We created an aggregated dataset of human testis scRNA-seq from multiple sources, comprising cells from a total of 12 human donors. These consisted of 7 adults28, 3 adults97 (GEO accession #GSE109037), and two juvenile samples98 (GEO accession #GSE120506 [https://www.ncbi.nlm.nih.gov/geo/query/acc.cgi]). As described elsewhere, these datasets were integrated and analyzed using the sparse decomposition of arrays (SDA) framework29. SDA soft clusters genes and cells into latent “components”, which are then manually interpreted and separated into “technical noise” and “signal”. Components corresponding to technical noise are removed from the data, thus providing batch correction. For the analyses described, here, SDA was run with 150 components, half of which were removed as technical noise. Gene ontology enrichment analysis was performed on the top 250 genes from each component (from each side) using the enrichGO function from the clusterProfiler R package in which p-values are calculated based on the hypergeometric distribution and corrected for testing of multiple biological process GO terms using the Benjamini-Hochberg procedure.
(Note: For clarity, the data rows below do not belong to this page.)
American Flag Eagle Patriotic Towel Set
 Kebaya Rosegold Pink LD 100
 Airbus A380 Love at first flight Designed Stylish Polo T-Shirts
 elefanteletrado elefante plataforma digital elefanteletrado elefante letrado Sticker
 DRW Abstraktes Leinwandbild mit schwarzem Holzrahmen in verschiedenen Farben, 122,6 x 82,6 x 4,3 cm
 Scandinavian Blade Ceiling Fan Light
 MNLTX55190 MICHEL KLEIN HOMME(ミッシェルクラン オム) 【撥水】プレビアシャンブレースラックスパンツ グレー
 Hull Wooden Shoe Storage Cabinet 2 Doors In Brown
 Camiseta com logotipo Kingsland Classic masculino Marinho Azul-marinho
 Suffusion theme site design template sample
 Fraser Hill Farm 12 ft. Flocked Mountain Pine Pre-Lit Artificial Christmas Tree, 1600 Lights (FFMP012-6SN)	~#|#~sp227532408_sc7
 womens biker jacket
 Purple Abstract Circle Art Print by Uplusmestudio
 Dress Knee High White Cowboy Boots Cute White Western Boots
Small RNA sequencing and analysis

RNA was extracted from the fixed testicular tissue of the NOA cases with prioritized variants in genes involved in piRNA biogenesis and controls with complete spermatogenesis matched to each case by fixative. Small RNA sequencing libraries were prepared using CATS Small RNA-seq kit (Diagenode, Cat. #C05010040) and sequenced on the MiSeq platform (Illumina, San Diego, CA). Raw sequencing reads were processed according to the CATS Small RNA-seq protocol and reads with 25-45 bases in length were mapped to the human assembly hg19 using bowtie v1.0.199 allowing one mismatch. The mapped reads were filtered to remove all reads mapping to small non-coding RNAs other than piRNAs (DASHR v2.0100) and the remaining reads were intersected with 205 piRNA loci previously identified in the adult human testis45. Individual piRNA counts were normalized to the spike-in cel-miR-39-3p (5′-UCACCGGGUGUAAAUCAGCUUG-3′) added to the samples in the first step of the sequencing library preparation. Spike-in reads were mapped to the human reference using bowtie v1.0.1 and allowing no mismatches.

Sanger sequencing

The regions of interest were amplified using Hot Start Taq 2x Master Mix (New England Biolabs, Ipswich, MA, USA), 0.4 µM primers and a touch-down PCR program. The amplified PCR products were purified with MinElute PCR Purification kit (Qiagen, Hilden, Germany) or GFX PCR DNA and Gel Band Purification Kit (GE Healthcare, Marlborough, MA) and sequenced at Integrated DNA Technologies (Coralville, IA, USA). The primer sequences are available upon request.

Immunohistochemistry

Testicular tissue was fixed in Bouin’s fixative, processed and stained with an antibody directed against STRA8 (Abcam ab49405, diluted 1:250) using the ImmPRESS detection kit (Vector laboratories, CA, USA) as described before101. Antigen retrieval was performed in a microwave in TEG buffer and the staining developed 20 min with AEC.

Reporting summary

Further information on research design is available in the Nature Portfolio Reporting Summary linked to this article.